No endividamento líquido global direto, o Orçamento do Estado tem atualmente inscritos 8.600 milhões de euros e a proposta é passar para 10.855 milhões de euros, mais 2.255 milhões de euros. Este valor corresponde ao apoio público anunciado para “contingências futuras” no âmbito do resgate ao Banif.

O Governo propõe ainda mudar artigos da lei referentes à concessão de empréstimos pelos serviços e fundos autónomos, passando do limite de 750 milhões inscritos no Orçamento para 1.239 milhões de euros. Ou seja, mais 489 milhões de euros, valor previsto para ser emprestado pelo Fundo de Resolução bancário no âmbito do resgate do Banif.

É ainda acrescentada uma alínea ao artigo 127, que não existia, a permitir que o Estado dê garantias a favor do Fundo de Resolução para cobrir responsabilidades por este assumidas.

Além disso, o “limite máximo para a concessão de garantias” passa de 110 para 860 milhões de euros, mais 750 milhões de euros, que deverão ser usados em garantias ao Banif.

O ministro das Finanças, Mário Centeno, disse hoje, na conferência de imprensa após o Conselho de Ministros que aprovou a proposta de Orçamento Retificativo para acomodar o regaste ao Banif nas contas públicas, que a operação deverá ter um impacto no défice orçamental de 2.200 milhões de euros, ou seja, mais de um ponto percentual do Produto Interno Bruto (PIB).

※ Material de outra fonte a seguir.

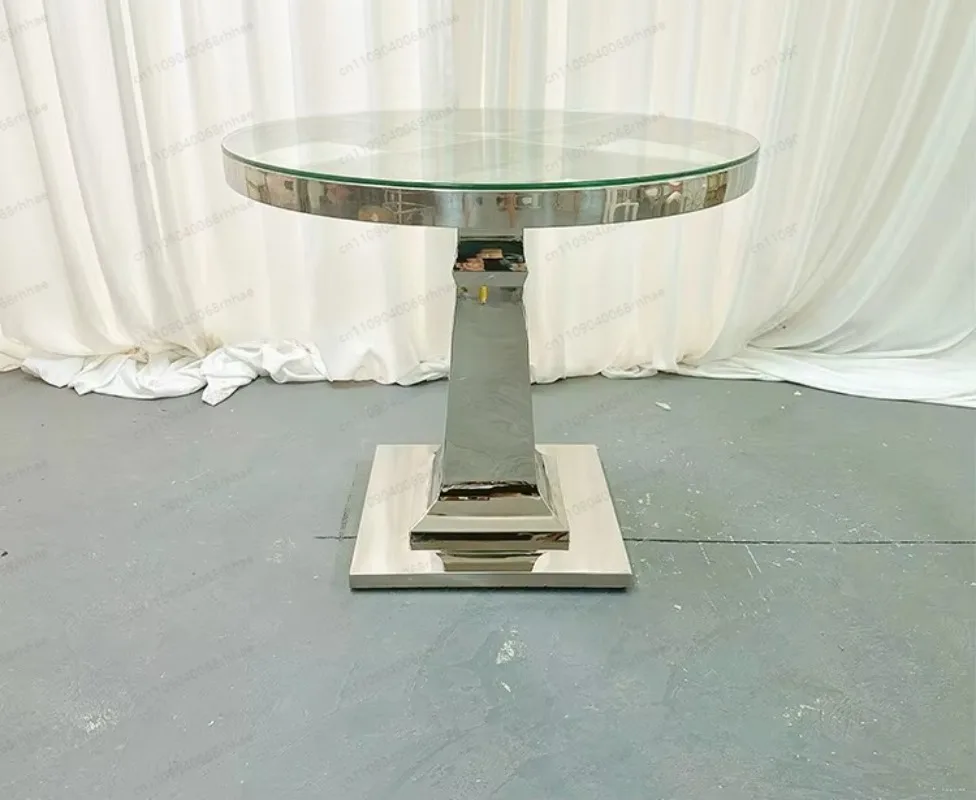 Modern Smooth Silver Stainless Steel Round Cake Table With Glass Top Wedding Banquet Furniture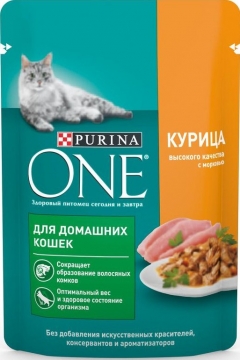 Purina ONE для домашних кошек КУРИЦА/Морковь 75g./6шт. Пурина ВАН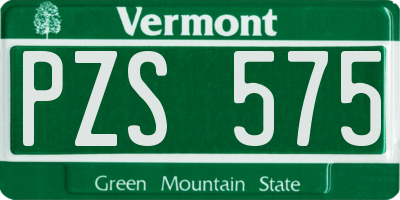 VT license plate PZS575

No domingo ao final da noite, o Banco de Portugal anunciou a resolução do Banif e a venda de ativos e passivos ao Santander Totta por 150 milhões de euros. A operação envolve ainda um apoio público de 2.255 milhões de euros para "cobrir contingências futuras", provavelmente para financiamento do banco e cobrir perdas futuras com a carteira de crédito.

Desse valor, 1.766 milhões virão diretamente do Estado – 1.016 milhões de euros de injeção de capital e 750 milhões de euros como garantia para o Banif - e 489 milhões de euros através do Fundo de Resolução bancário.

A proposta de Orçamento Retificativo, hoje entregue pelo Governo na Assembleia da República depois da aprovação em Conselho de Ministros, será discutida e votada na quarta-feira de manhã.